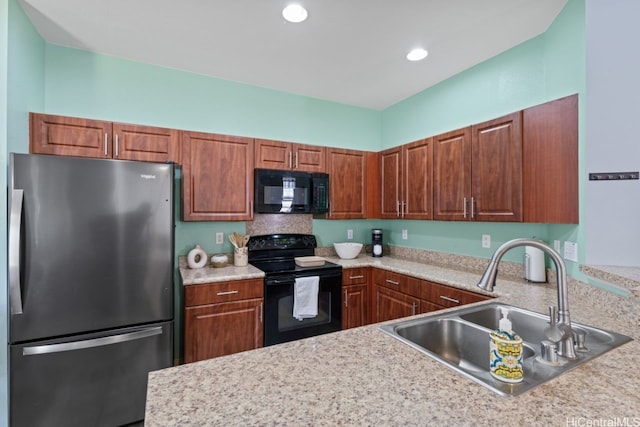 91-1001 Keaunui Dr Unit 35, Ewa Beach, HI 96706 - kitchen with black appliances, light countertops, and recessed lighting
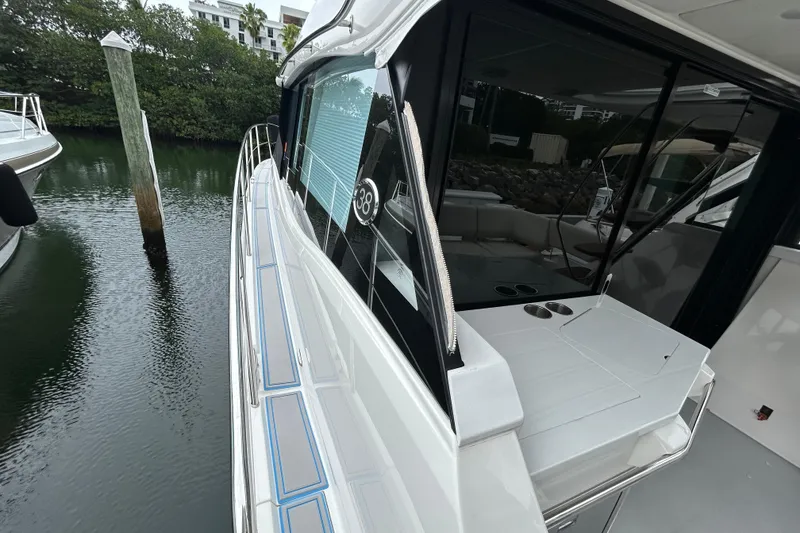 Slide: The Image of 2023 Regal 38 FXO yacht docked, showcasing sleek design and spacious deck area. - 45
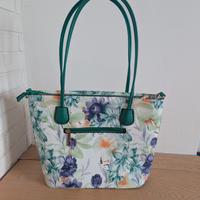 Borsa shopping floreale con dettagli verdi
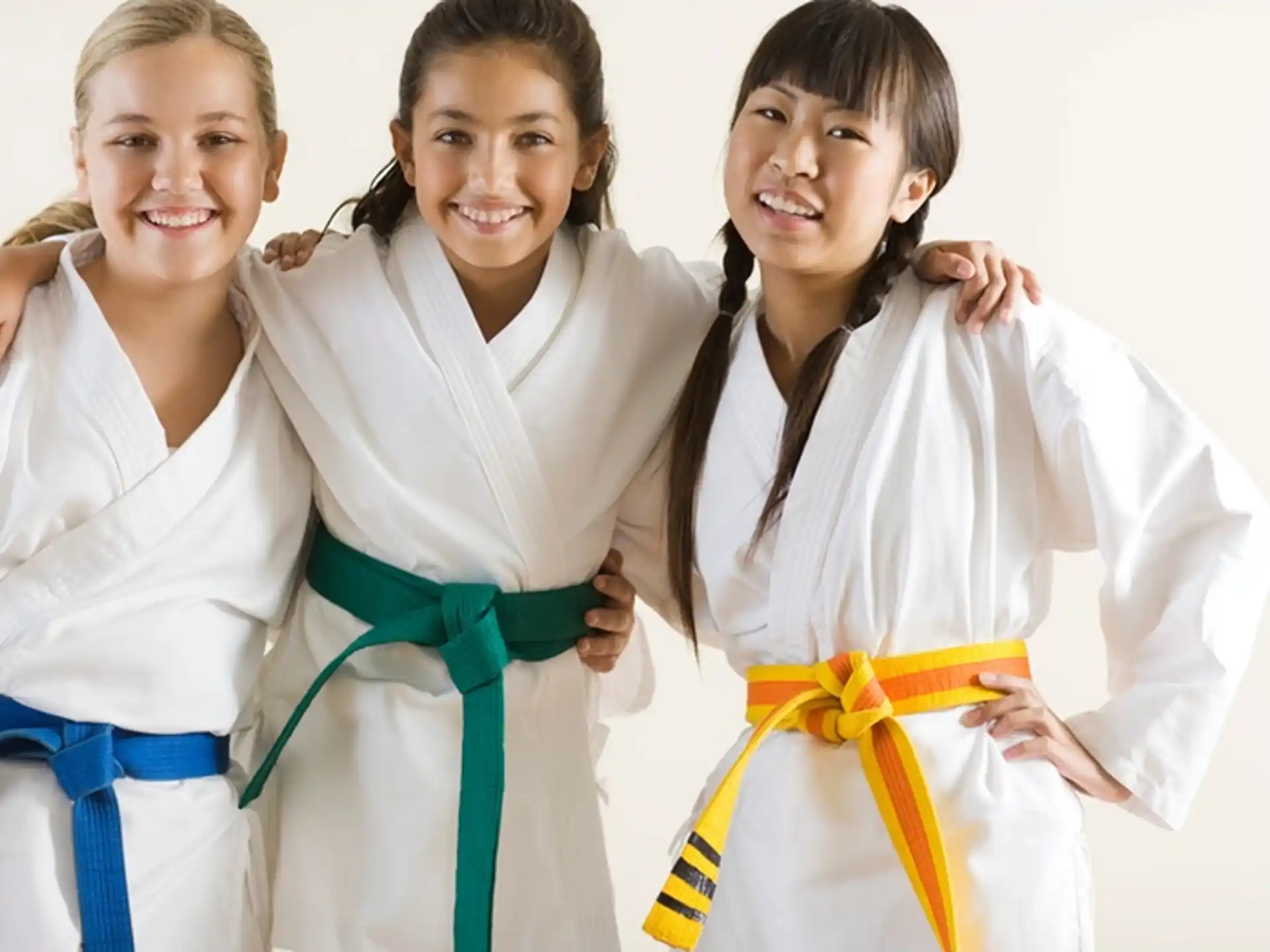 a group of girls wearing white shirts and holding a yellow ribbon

- - - - -

**WHAT IS NEEDED**.
Retype the data in full. Images do not go in the copy.

**ANSWER TO THIS PROBLEM**.
 91-1001 Keaunui Dr Unit 35, Ewa Beach, HI 96706 - kitchen with black appliances, light countertops, and recessed lighting
 Slide: The Image of 2023 Regal 38 FXO yacht docked, showcasing sleek design and spacious deck area. - 45
 Borsa shopping floreale con dettagli verdi
 a group of girls wearing white shirts and holding a yellow ribbon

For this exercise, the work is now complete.